Prompt.
As you write out the lines from the one containing "Cycles Pinede, Paris, 122, Av" through the last line of the records, keep them exact and leave out pictures.

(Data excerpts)
────────────────
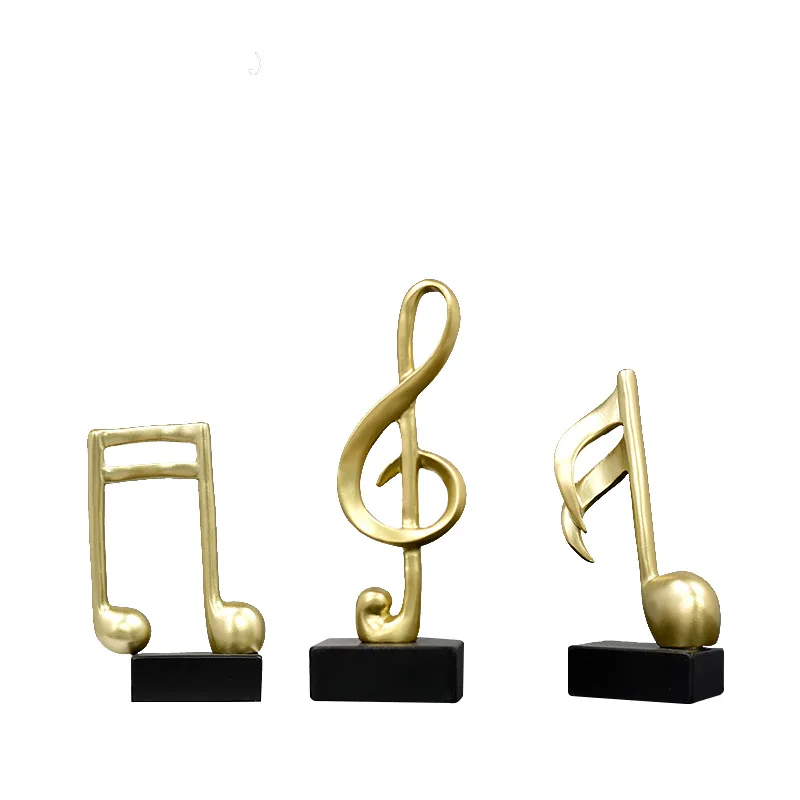 

Modern Simple Resin Crafts for Home Decoration, Music Trophy, Staff and Piano Ornaments, Collection Souvenir Accessories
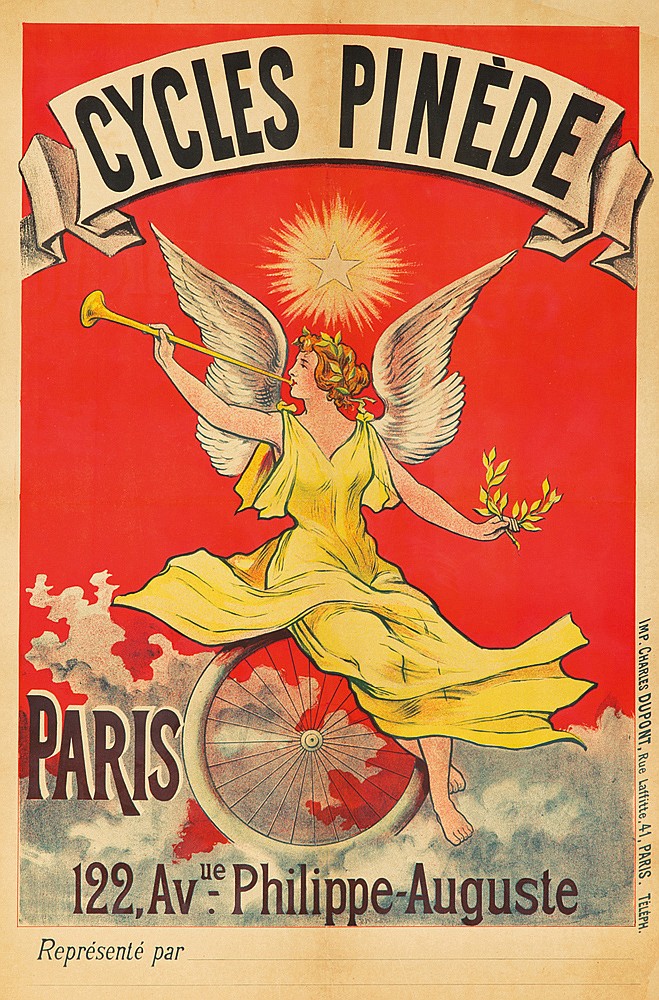Cycles Pinede, Paris, 122, Av Ue Philippe Auguste, Represente Par, Imp.Charles Dupont.Rue Laffitte.41.paris. Teeph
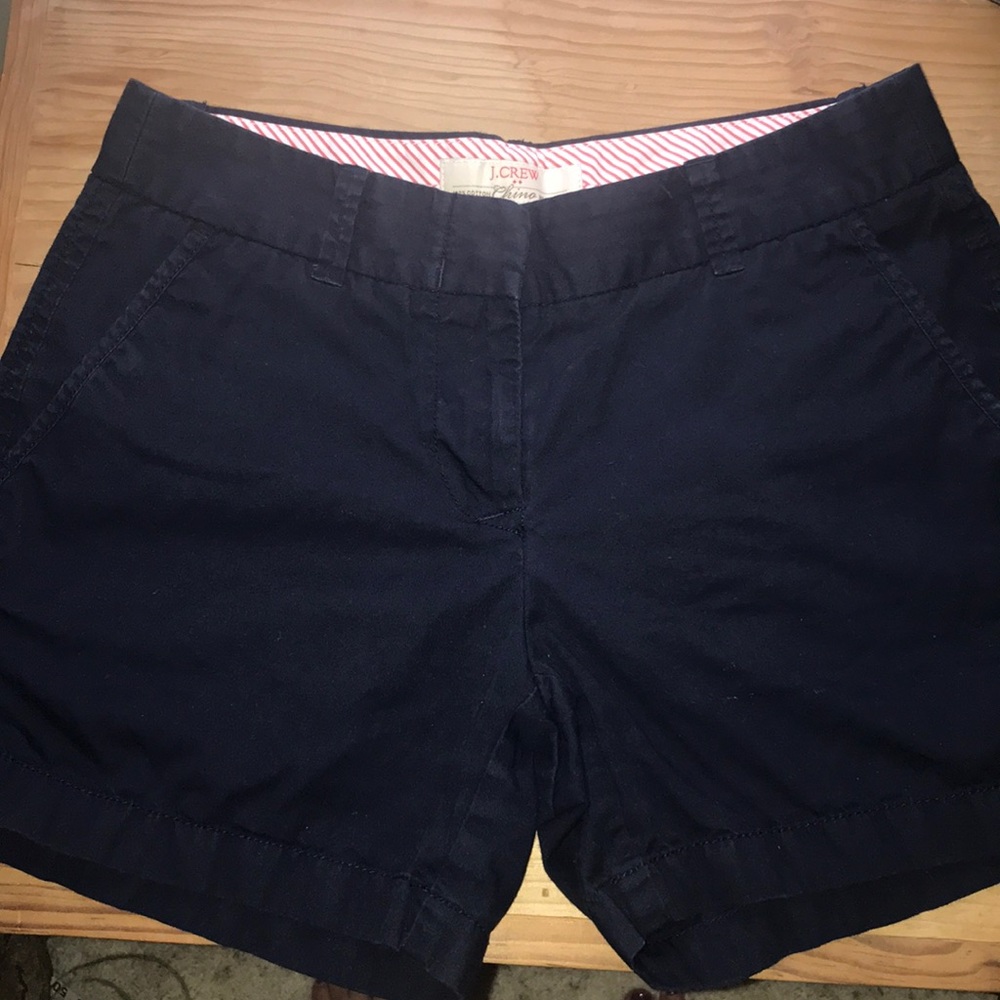 J Crew chino shorts in navy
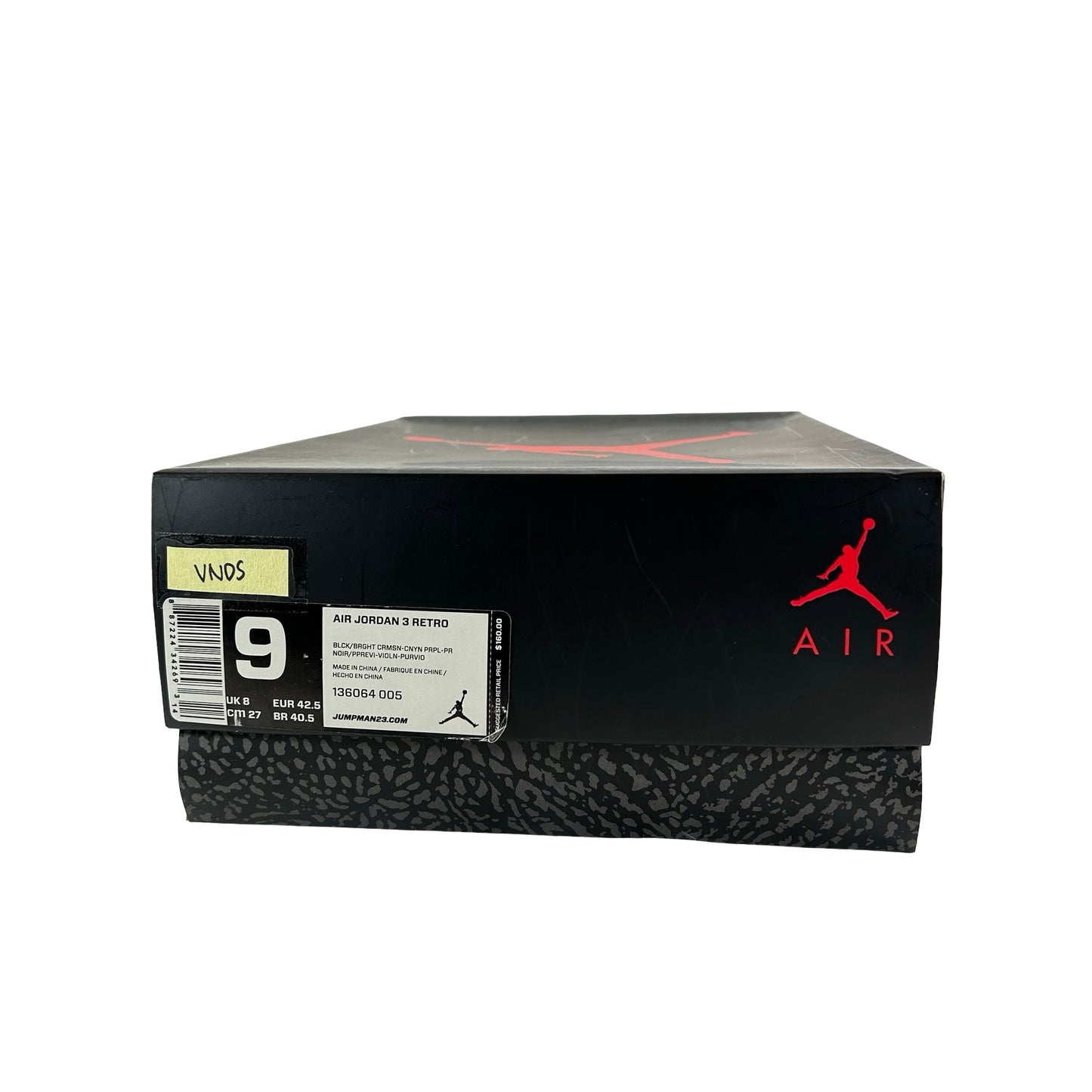 136064 005 Jordan 3 Retro Crimson [USED] - 9 M (VNDS)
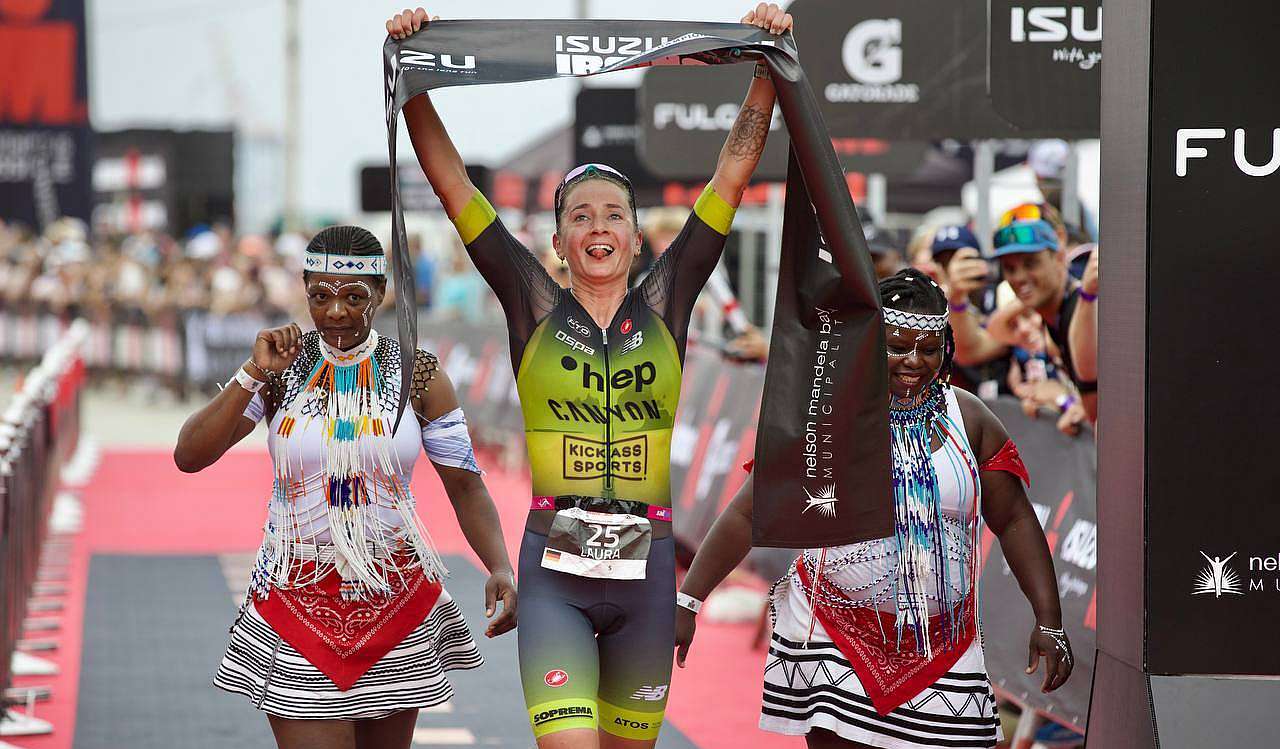 La tedesca Laura Philipp domenica 5 marzo 2023 vince il 18° Ironman South Africa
────────────────
Answer box.
Cycles Pinede, Paris, 122, Av Ue Philippe Auguste, Represente Par, Imp.Charles Dupont.Rue Laffitte.41.paris. Teeph
 J Crew chino shorts in navy
 136064 005 Jordan 3 Retro Crimson [USED] - 9 M (VNDS)
 La tedesca Laura Philipp domenica 5 marzo 2023 vince il 18° Ironman South Africa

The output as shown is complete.